Mr. Dayton to Mr. Seward.
Sir: I enclosed you by the despatch bag yesterday a copy of the “Constitutionnel” containing an article (marked) of a very obnoxious character.
That article, as you will observe if you have had time to look it over, advocates the policy of France making common cause with England against us. It looks likewise to the early recognition, by France and Great Britain, of the south as an independent power. The Constitutionnel is understood here to have a semi-official character. * * * * * * * I intended to have said this to you yesterday, but time failed me.[Page 308]

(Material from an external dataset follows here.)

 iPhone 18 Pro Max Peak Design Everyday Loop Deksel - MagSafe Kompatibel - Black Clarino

General Scott will have arrived in the United States doubtless before this despatch; will you say to him that I last evening received a note from Mr. Thouvenel, naming two o’clock to-day to receive him; at which hour I attended at the foreign office and returned his thanks, &c.

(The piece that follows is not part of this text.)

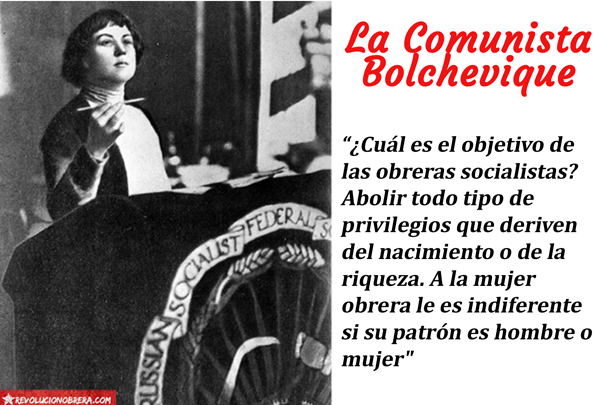Alexandra Kollontai, la Comunista Bolchevique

Mr. Thouvenel was quite disappointed at not seeing him, and said that the Emperor had promptly assented to give him a private interview. I explained at the same time that his departure for his own country had been sudden and unexpected. The general’s letter, as I have heretofore said, has made here a good impression. The belief is that he is peacefully disposed, and I have no doubt that his sudden return to the United States will be considered as having been made in the hope of exercising a mollifying influence upon the temper and policy of his countrymen. It is well that it should be so.
I have the honor to be, with much respect, your obedient servant,
His Excellency William H. Seward, Secretary of State, &c., &c., &c.